Okay, "Cats" it’s not. I’d tell Saddam not to quit his day job, but then I remembered what his day job is.
Apparently, this is some sort of allegory, or as the Iraqi press reported, "An epic teaching to love one's homeland despite all danger.'' How these people keep a straight face is beyond me. I don’t know that I’d be able to write something like that, even at gunpoint, without giving myself a brain hemorrhage.
What I can’t understand is: why a musical? Maybe the Republican Guard decided that the whole Legion of the Evil Dictator thing had just gotten, so, like, 1990’s, and decided to transform themselves into a chorus line. I can just see it now: "Oh-KAY, people! Let’s do it AGAIN! And this time, kick those Kurds like you MEAN it!"

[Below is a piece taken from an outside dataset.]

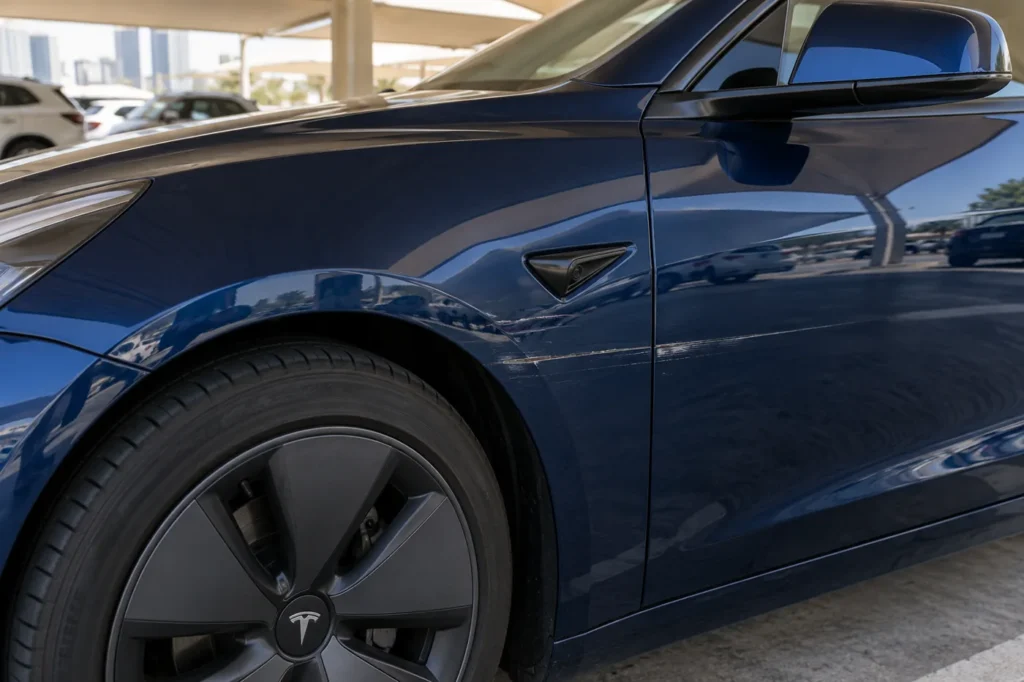 Horizontal scrape across the blue paint of a Tesla door and front fender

Now is our chance. We can step up and put that murdering SOB on the ropes for good. All we need to do is form a battalion of New York’s bitchiest, most fiendishly vicious theater critics. We secretly infiltrate them into Baghdad for opening night. Then we bury him in bad reviews. He’ll be so crushed that he’ll be no trouble at all for a good fifteen or twenty minutes.

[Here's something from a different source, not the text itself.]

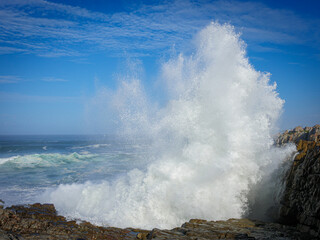 Fototapeta na wymiar Image Number GH5R396066. Spray from a large ocean wave crashing onto rocks at Hermanus. Whale Coast. Overberg. Western Cape. South Africa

Then again, he might nuke Kuwait. You ever can tell with theater people. They’re kind of unstable.
Come to think of it, imagine what might have happened if Hitler, a failed painter, had been allowed to have a one-man show at the Berlin Art Museum? Or if Charlie Manson had been able to realize his dream of becoming a rock star? I bet things would have turned out pretty different.
So here’s the alternate plan: we give Saddam a big contract to produce "Zabiba and the King" on Broadway. (To avoid possible confusion and copyright lawsuits from the folks who made "Anna and the King", we’d probably have to change the American title to "Zabiba!") We pay off a few critics to rave over it. We sign Hussein up to executive-produce the movie version, starring Jennifer Lopez as Zabiba and Mark Wahlberg as the King. We spin this out into a three-picture deal with Dreamworks. We move Saddam out to a house in the Hollywood Hills where we ply him with starlets, hot-tubs, Dom Perignon and cocaine. We encourage him to write his autobiography, which he then flogs on "Oprah" and "Larry King. " Oprah and Larry, of course, fawn all over him.

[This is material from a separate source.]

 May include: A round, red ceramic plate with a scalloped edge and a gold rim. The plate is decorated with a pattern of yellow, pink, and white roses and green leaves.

Pretty soon, the man Bush the Elder once compared to Hitler is just another bloated show-biz gasbag, in and out of rehab, rendered annoying but basically irrelevant by his own exaggerated sense of self-importance. I mean, if we can avoid another conflagration in the Middle East, we’re willing to put up with a few bad movies, right? Even if one of them is, say, "Ishtar 2"?
Don’t feel like you have to answer right away.
Dusty Rhoades lives in Carthage, practices law in Aberdeen, and will pass on the cocaine, but could go for some of that hot-tub and Dom Perignon action.